Eric Ewazen is an adroit, smooth composer whose use of brass instruments has helped to redefine our collective imagined capabilities of those instruments. Brass players gravitate to his music because it is in the vernacular for them, and it therefore feels equally natural to our ears. I am delighted to be presenting his Trio for Trumpet, Cello and Piano, and to have the opportunity to collaborate more deeply with Barry Perkins, our principal trumpet, as well as with my frequent partner Timothy Landauer on cello. Ewazen's music often includes a rhythmic drive which is visceral and allows the melodies to soar. His reflective moments are deeply held and reverential, allowing space for the listener to breathe.

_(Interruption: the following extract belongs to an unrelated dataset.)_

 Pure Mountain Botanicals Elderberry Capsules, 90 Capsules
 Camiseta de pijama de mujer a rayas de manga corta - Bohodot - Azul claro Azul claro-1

Howard Hanson's Pastorale for Oboe and Piano was suggested to me by our beautiful principal oboist Jessica Pearlman Fields. It is a work with an enormous range, both emotionally and in terms of oboe technique. I had been looking for a chance to delve into more personal repertoire with Jessica and this is the perfect opportunity. Her ability to embody many styles and her rich, complex tone are perfectly suited to this lovely work.

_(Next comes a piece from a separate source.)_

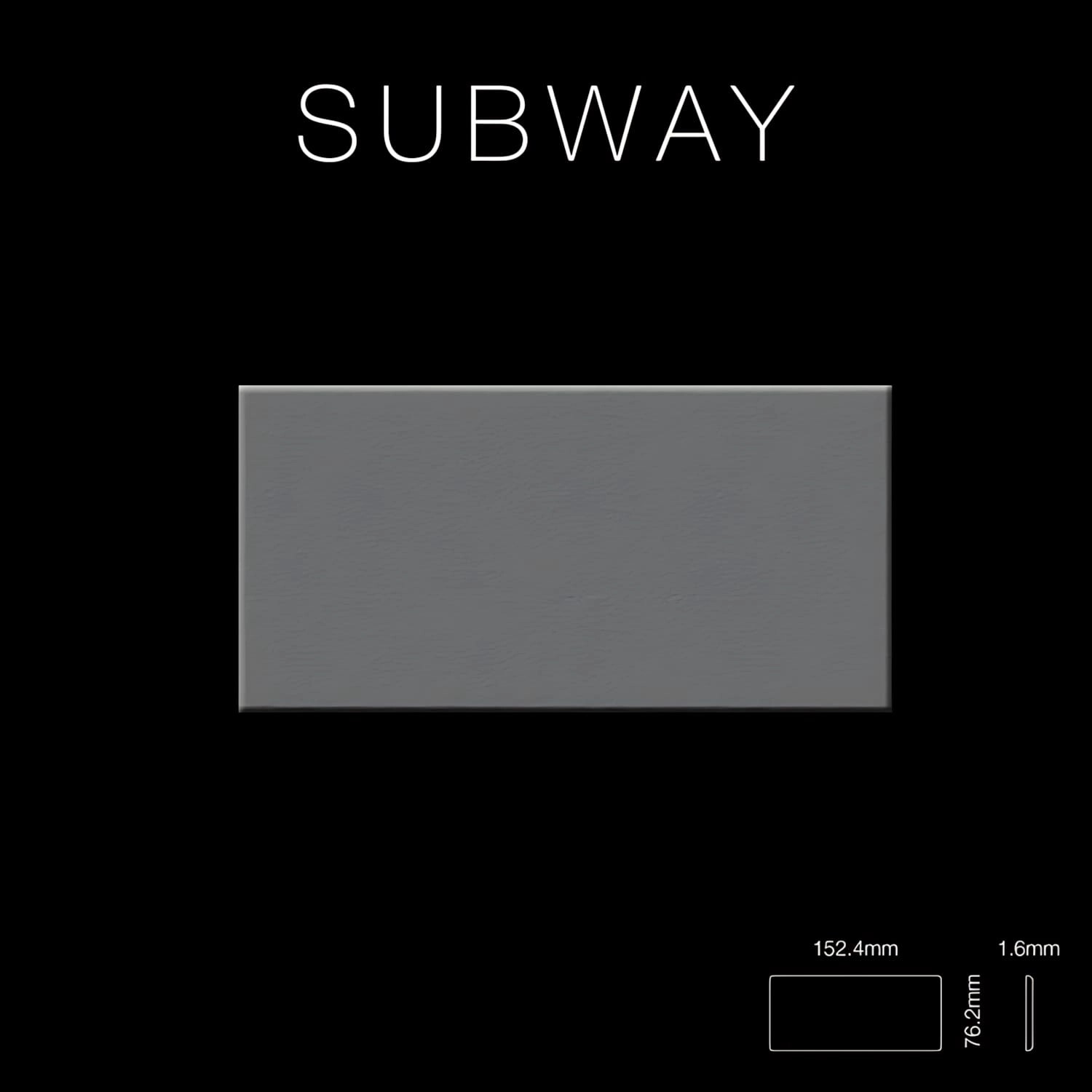 Matte, graue Mosaikfliese aus Edelstahl im Subway-Stil. Ideal für Bad & Küche.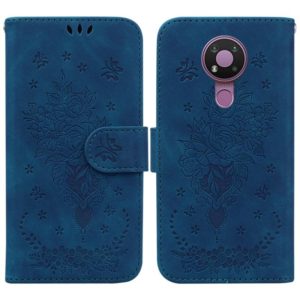 For Nokia 3.4 Butterfly Rose Embossed Leather Phone Case(Blue) (OEM)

Steve Reich's Quartet for 2 Pianos and 2 Vibraphones is a relatively new work (2013) and shows a mature, fully formed style that is truly his alone, though it is American through and through. All the rhythmic elements and harmonic language he has developed over his career are here, as is his natural affinity for Jewish themes. With this work, he has brought these all into a perfect balance, so that the listener is always engaged, always involved, and always satisfied. Surfing the waves of his energy is a thrill worthy of the greatest daredevil! And how often do you get to hear two percussionists and two pianists all in one piece? I'm delighted to finally be able to invite Kenneth McGrath and Robert Slack on vibraphone to a Cafe Ludwig afternoon, and to bring my colleague and friend, the exceptionally talented Molly Morkoski, to join us!
Leonard Bernstein's Sonata for clarinet and piano is succinct and powerful. It's an early work where one can already hear the influences of Copland, Broadway and Latin American music mixed together, a sound world which will form his signature and inspire his compositional descendants. And I know working with Joseph Morris will be an incredible journey. I am looking forward to this and the Hanson as more intimate collaborations within this often extroverted program.
Paul Schoenfield's trio uses many uniquely Jewish themes within a greater American language. This work will allow Joe Morris to wow you with his expressive range and virtuosity, and likewise will give Paul Manaster a chance to explore his inner klezmer violinist, one among many talents!
I feel this program follows a number of threads through American chamber music of the 20th and early 21st centuries. Open intervals, expansive sounds, welcoming harmonies, rhythmic drive, inclusion of ethnic colors. What a better way to celebrate our remarkable country than through this repertoire!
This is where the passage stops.